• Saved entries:

+ + + + +

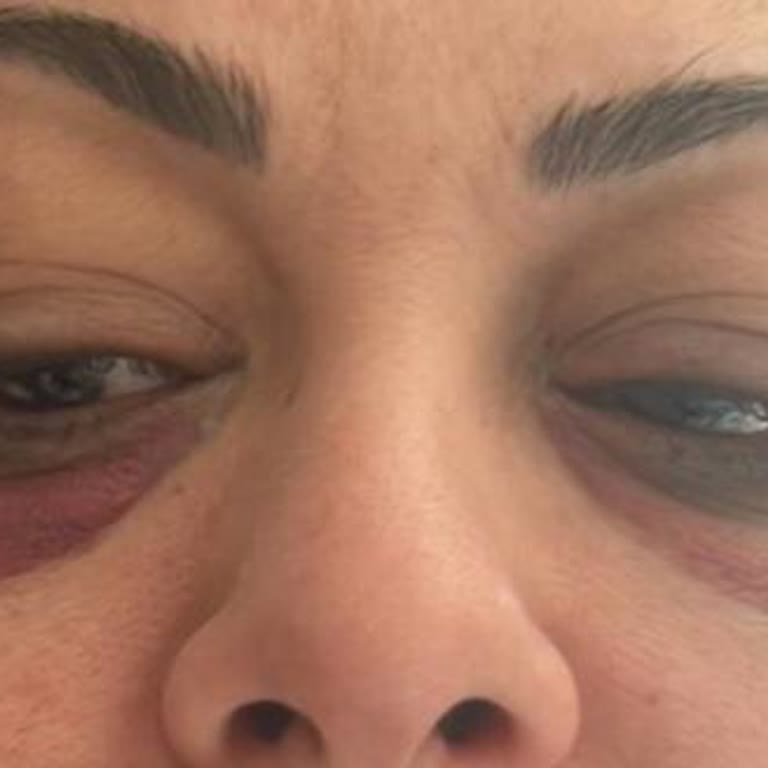 Hızlı Ve Dikkatsiz Mezoterapi İşlemi Yüzde Kalıcı Morluk Bıraktı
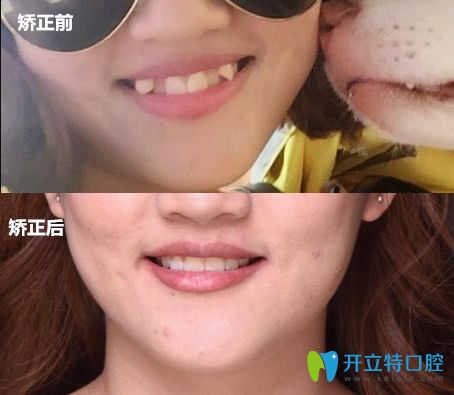 牙博士口腔虎牙矯正前后效果對比圖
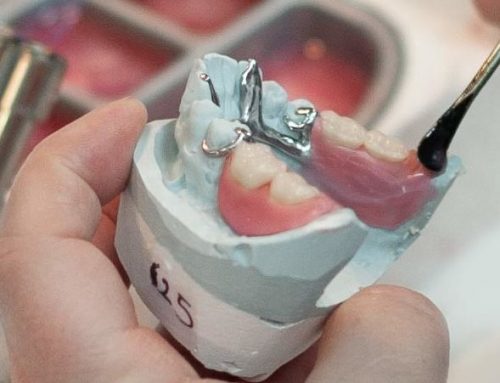 Hybrid Cast/Flexible Partial Dentures: Taking Partials a Step Further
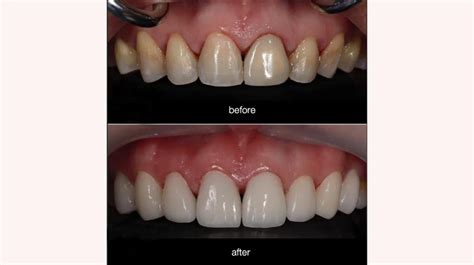 Composite Veneers Pros & Cons, Procedure, Cost, and Alternatives ...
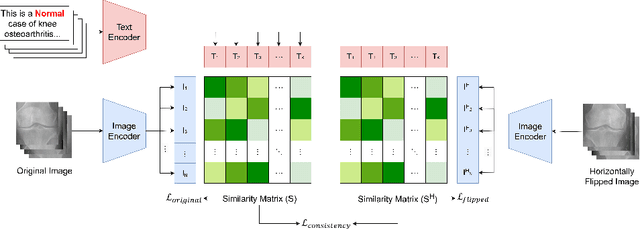 Figure 1 for CLIP-KOA: Enhancing Knee Osteoarthritis Diagnosis with Multi-Modal Learning and Symmetry-Aware Loss Functions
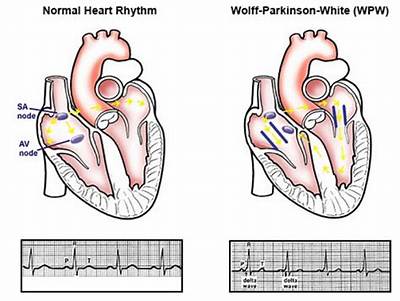 Is Wolff Parkinson White Syndrome Dangerous?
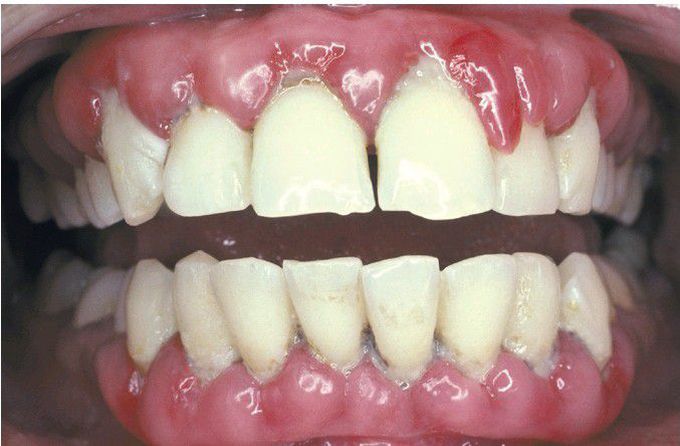 Chronic Hyperplastic Gingivitis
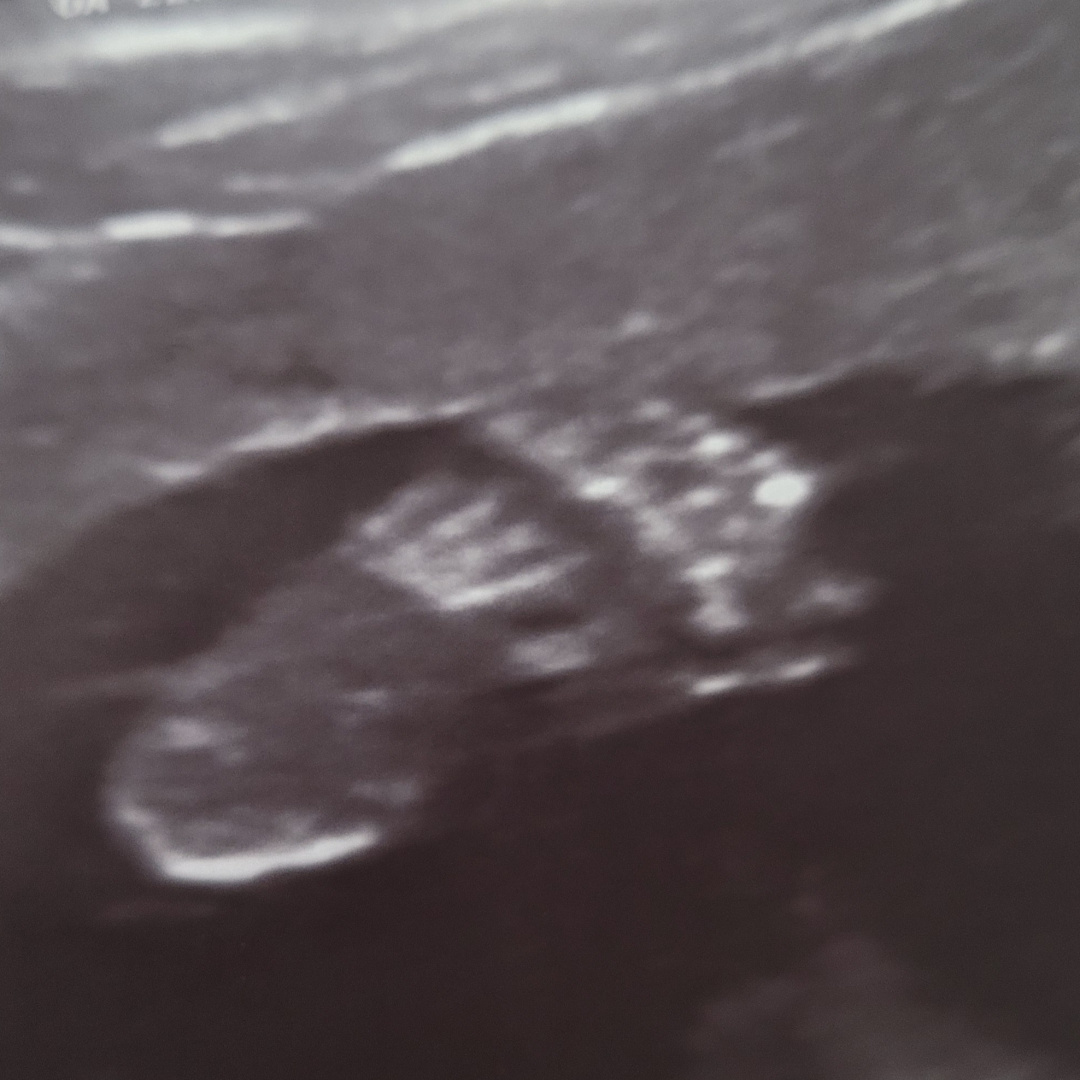Photo shared by Lucy for their Babylist baby registry.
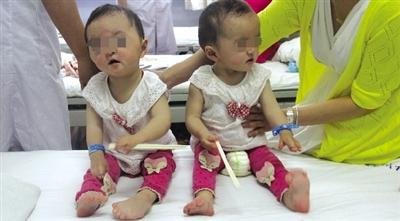 河南双胞胎女童患怪病 头颅畸形手脚像
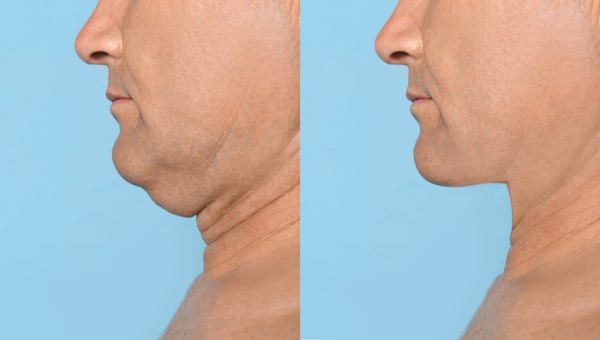 Which Non-Surgical Treatments Work Best for Jowls and Loose Skin Brownhills?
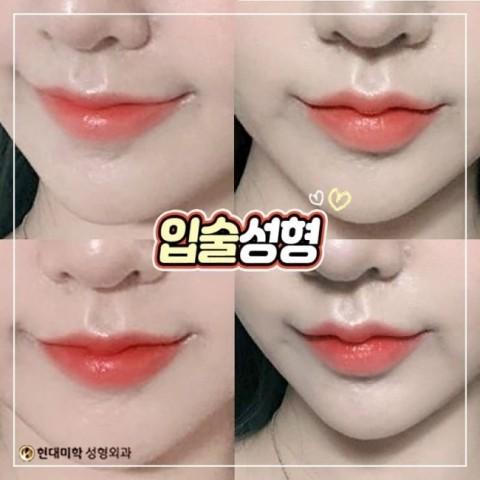 입술비대칭수술 균형잡히니까 예쁘다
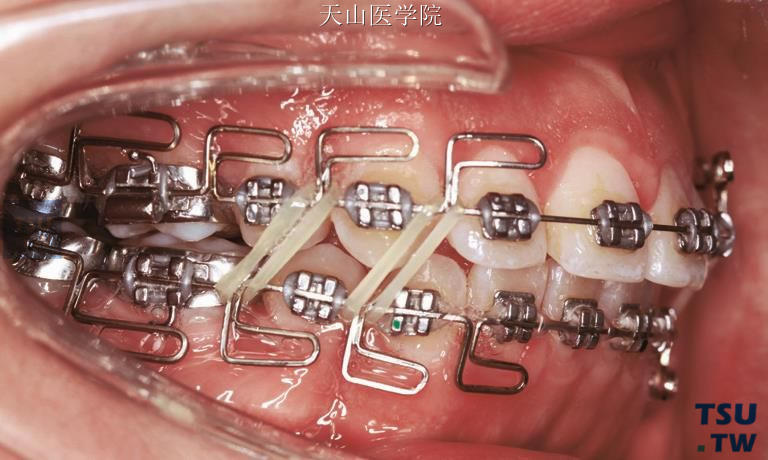 患者戴用精细调整用的MEAW弓丝的右侧牙合像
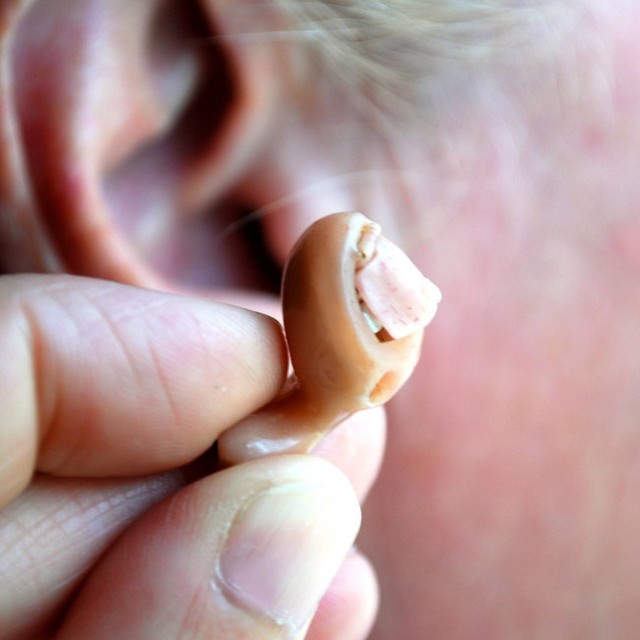 補聴器の着用、認知症予防の効果あり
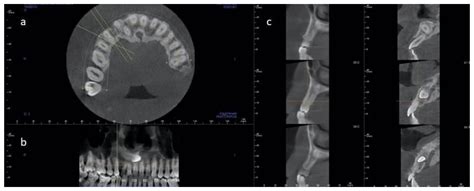 Materials Free Full Text Immediate Post Extraction Short Implant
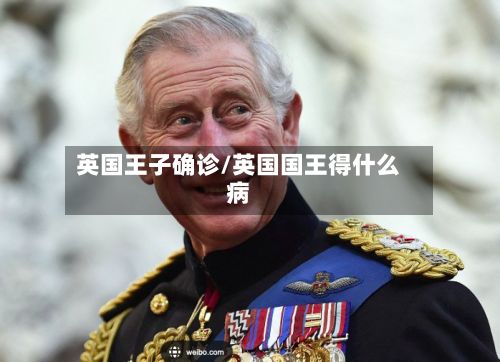 英国王子确诊/英国国王得什么病-第1张图片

+ + + + +

• Work instruction: Repeat exactly the lines from the one containing "河南双胞胎女童患怪病 头颅畸形手脚像" to the last line of the records above, including both, and leave out any pictures.

• Completed task:
 河南双胞胎女童患怪病 头颅畸形手脚像
 Which Non-Surgical Treatments Work Best for Jowls and Loose Skin Brownhills?
 입술비대칭수술 균형잡히니까 예쁘다
 患者戴用精细调整用的MEAW弓丝的右侧牙合像
 補聴器の着用、認知症予防の効果あり
 Materials Free Full Text Immediate Post Extraction Short Implant
 英国王子确诊/英国国王得什么病-第1张图片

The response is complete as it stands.